Понятно, почему генерала Алексеева более всего заботила нехватка артиллерийских снарядов. Первая мировая война была позиционной, и в отличие от прежних времен наступающая пехота и шагу не могла сделать, если ее путь не был как следует обработан артиллерией.
«С рассветом наша тяжелая и мортирная артиллерия начала разрушение укрепленных пунктов участка Ставок, Хромякова, а в девятом часу легкая артиллерия — проволочных заграждений. В 40-м корпусе разрушение окопов первой линии и проволочных заграждений на всем фронте идет вполне успешно. Команды разведчиков 5-го и 6-го стрелковых полков проникли южнее дороги Олыка, Покашево в окопы первой линии на широком фронте, уже брошенные австрийцами, вынесли оттуда щиты, винтовки и ручные гранаты; при подходе же ко второй линии были встречены контратакой и отошли с незначительными потерями», — это всего один из фрагментов боевого донесения за первый день начала наступления.
КСТАТИ, СКОЛЬКО тогда было примеров героизма, сколько подвигов было совершено именно в эти дни!
Вот некоторые выдержки из официальных бумаг:
«8-го стрелкового полка прапорщик Егоров с десятью разведчиками, скрытно пробравшись в тыл противнику, заставил положить оружие упорно дравшийся венгерский батальон и сам 11-й взял в плен 23 офицера, 804 нижних чина и 4 пулемета, отразив еще при этом конную атаку неприятельского эскадрона».
«Капитан Насонов с 20 конноартиллеристами захватил батарею врага при Заставне, догнал отходящего неприятеля, изрубил и перестрелял сопротивлявшихся и взял всех остальных — 3 офицеров, 83 нижних чина, 4 орудия и 6 зарядных ящиков с запряжками».
«Из славных дел обращает на себя внимание взятие гаубичной батареи под Снятынем.
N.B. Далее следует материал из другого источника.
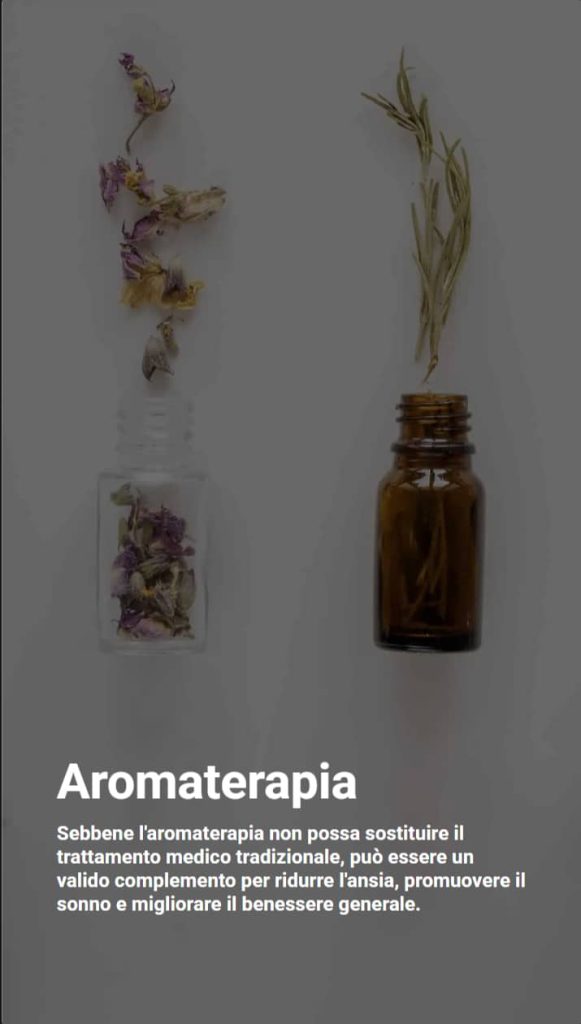 Rimedi naturali contro lepilessia 6 Due boccette con fiori secchi e rametto che esce dalla bottiglia, accompagnate da testo sui benefici rilassanti dell’aromaterapia per l’epilessia.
Командир 1-го батальона 5-го пехотного Заамурского полка, старый солдат поручик Гусак послал в атаку на батарею, бившую картечью, роту своего сына — прапорщика Гусака…»
Невольно вспоминаются похожие эпизоды из предыдущих времен, и ясно, что Русская армия, русские офицеры и солдаты были верны славным своим традициям.
«Количество пленных, захваченных четырьмя армиями генерала Брусилова, составило в конце первых суток — 24 мая — 41.000 человек. 26 мая их уже было 72.000, к 28 числу — уже 108.000 и к 30 — 115.000, с тем чтобы вечером 1 июня перевалить за 150.000!» — написано в «Истории Русской армии».
К сожалению, довольно скоро все эти подвиги оказались позабыты… А тогда Россия гордилась своими героями! В штаб генерала Брусилова приносили кипы телеграмм, приходивших со всех концов страны.
«Все всколыхнулось, — вспоминал потом Алексей Алексеевич. — Крестьяне, рабочие, аристократия, духовенство, интеллигенция, учащаяся молодежь — все бесконечной телеграфной лентой хотели мне сказать, что они — русские люди и что сердца их бьются заодно с моей дорогой, окровавленной во имя Родины, но победоносной армией. И это было мне поддержкой и великим утешением. Это были лучшие дни моей жизни, ибо я жил одной общей радостью со всей Россией».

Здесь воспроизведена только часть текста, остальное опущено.